- Air cargo recorded stronger-than-expected growth in 2025, driven by shifting trade lanes and geopolitical disruption, according to IATA Director General Willie Walsh.
- While Asia-Pacific led global cargo growth, demand patterns diverged sharply between key routes, highlighting ongoing volatility.
- Looking ahead to 2026, IATA forecasts slower but still positive airfreight growth, alongside persistent supply-chain constraints, rising maintenance costs, and mounting sustainability pressures.
- Walsh warned that thin industry margins, delayed aircraft deliveries, and high SAF prices will continue to challenge airlines, reinforcing the need for coordinated action on CORSIA, fuel transition, and operational resilience.
Air cargo delivered stronger-than-anticipated growth in 2025, buoyed by geopolitical disruption and shifting trade flows, yet industry leaders are warning of a more measured expansion in 2026 as structural pressures weigh on performance.
According to IATA Director General Willie Walsh, global cargo demand rose 3.4 percent in 2025—significantly outperforming earlier projections. The gains, however, masked pronounced volatility across key trade lanes and underscored how geopolitical realignment is reshaping freight markets more rapidly than passenger networks.
While the combined Asia–North America and Asia–Europe corridors continue to account for more than half of global air cargo volumes, 2025 marked a notable divergence. Traffic between Asia and North America declined by 0.8 percent, representing the first contraction in several years. In contrast, Europe–Asia volumes surged by 10.3 percent, reflecting evolving sourcing strategies, trade rebalancing and supply chain recalibration.
The Asia-Pacific region remained the principal growth engine, recording an 8.4 percent increase in cargo traffic in 2025. Looking ahead, IATA forecasts global airfreight growth to moderate to 2.4 percent in 2026, with Asia-Pacific again leading at 6 percent.
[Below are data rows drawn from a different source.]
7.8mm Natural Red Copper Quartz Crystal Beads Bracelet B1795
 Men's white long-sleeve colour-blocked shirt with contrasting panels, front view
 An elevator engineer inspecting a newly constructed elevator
“Cargo grew by 3.4 percent, significantly stronger than our early forecasts for the year,” Walsh said. “The impact of geopolitical change was much more obvious on the air cargo side of the business than on the passenger side.”
He noted that the divergence between Asia–North America and Asia–Europe flows highlights the sensitivity of freight markets to trade policy shifts, regional instability and evolving manufacturing footprints.
Fragile Profitability Amid Rising Costs
Despite a projected USD 41 billion in industry-wide net profits in 2026, Walsh cautioned that airline margins remain thin, limiting the sector’s ability to absorb mounting cost pressures. For cargo operators, the financial environment is particularly complex.
Persistent supply chain disruption—most notably aircraft delivery delays—continues to constrain capacity planning and fleet renewal. Airlines have been forced to extend the operational life of older aircraft, driving up maintenance expenditure and fuel consumption. IATA estimates that supply chain inefficiencies have added more than USD 11 billion in costs across the industry, with direct implications for cargo reliability, emissions performance and long-term capital allocation.
For freight carriers operating dedicated fleets, delayed deliveries also translate into deferred efficiency gains and slower progress toward decarbonisation targets.
Sustainability and SAF Cost Pressures
Sustainability remains central to the industry’s strategic agenda. Walsh reiterated IATA’s support for the Carbon Offsetting and Reduction Scheme for International Aviation (CORSIA) as the single global market-based mechanism to address aviation CO₂ emissions. Compliance costs are expected to total approximately USD 60 billion by 2035, representing a significant financial commitment that Walsh argued must be matched by consistent government backing.
However, progress on sustainable aviation fuel (SAF) remains uneven. Global SAF production reached 1.9 million tonnes in 2025—equivalent to just 0.6 percent of total jet fuel consumption. Mandates in several markets have driven SAF prices to more than double those of conventional jet fuel, and in some cases as much as four times higher.
For the air cargo sector, which relies heavily on long-haul widebody operations, this price differential presents a material commercial challenge. Elevated fuel costs directly impact yields and network economics, particularly in a demand environment characterised by slowing growth.
Resilience Under Pressure
Walsh concluded that air cargo continues to demonstrate resilience and strategic importance within global supply chains. However, sustaining profitable growth will depend on stabilising aerospace supply chains, accelerating SAF production at commercially viable price points, and preserving global alignment on emissions frameworks.
As 2026 approaches, the industry faces a delicate balancing act: maintaining operational agility amid geopolitical uncertainty while investing in fleet modernisation and decarbonisation under increasingly constrained financial conditions. For cargo carriers and logistics partners alike, disciplined capacity management and coordinated policy engagement will be critical to navigating the next phase of the cycle.